# WORK TO BE COMPLETED:
I would like every record reproduced exactly, with the pictures left out.

=== Section Start ===

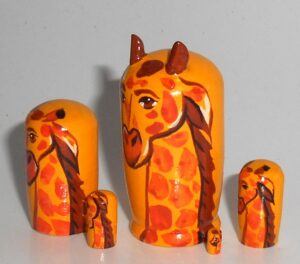 MINI Funny giraffe mini 5-set TINY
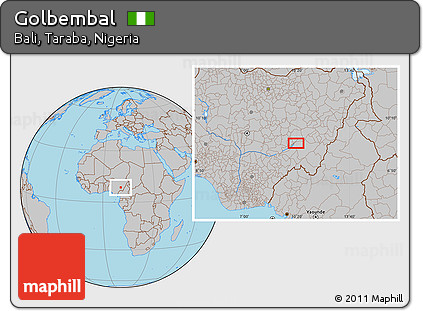 Gray Location Map of Golbembal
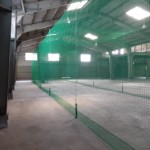 インドア野球ネット設置工事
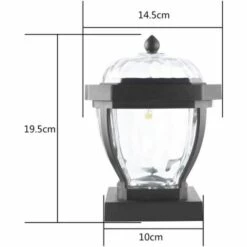 FLYME 2LEDs Lampe Solaire Extérieur Jardin Étanche Solaire Clôture Lumière LED Post Cap Lumière Pour Poteau, Terrasse, Patio, Clôture, Poteau, Passage (Lumière Chaude) -Luminaire solaire Soldes 2022 56059303 2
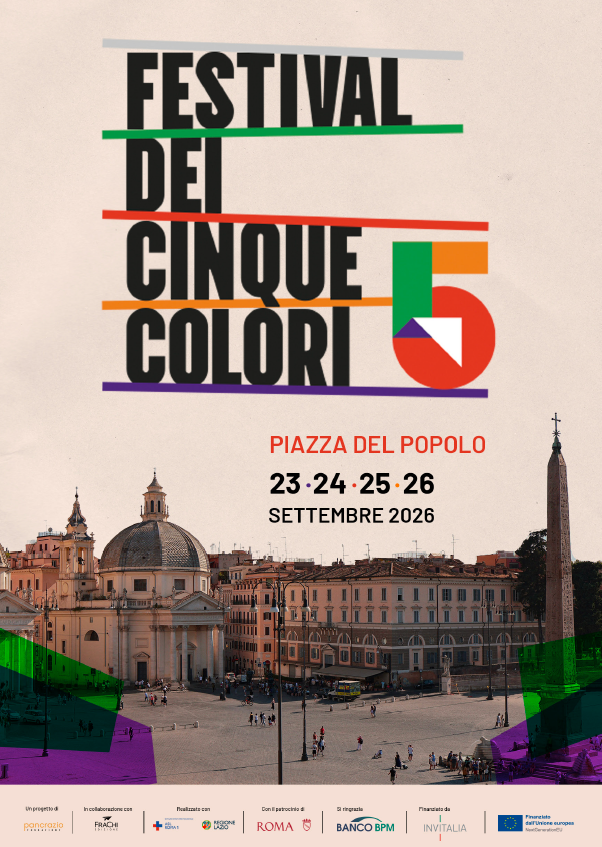 Il Festival dei Cinque Colori accende Piazza del Popolo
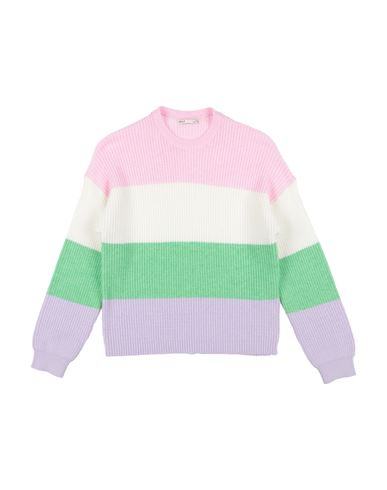 Kid Girl Sweater Pink Size 11 Viscose, Nylon, Polyester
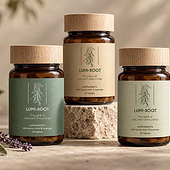 «Lumi•root – Minimalist Wellness Branding & Packa» de Nataliia Dovha
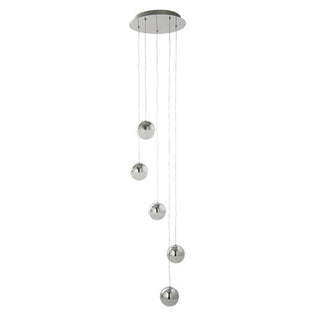 Annika 5 Light Polished Chrome LED Multidrop Ceiling Pendant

=== Section End ===

# RESULT OF THIS TASK:
 MINI Funny giraffe mini 5-set TINY
 Gray Location Map of Golbembal
 インドア野球ネット設置工事
 FLYME 2LEDs Lampe Solaire Extérieur Jardin Étanche Solaire Clôture Lumière LED Post Cap Lumière Pour Poteau, Terrasse, Patio, Clôture, Poteau, Passage (Lumière Chaude) -Luminaire solaire Soldes 2022 56059303 2
 Il Festival dei Cinque Colori accende Piazza del Popolo
 Kid Girl Sweater Pink Size 11 Viscose, Nylon, Polyester
 «Lumi•root – Minimalist Wellness Branding & Packa» de Nataliia Dovha
 Annika 5 Light Polished Chrome LED Multidrop Ceiling Pendant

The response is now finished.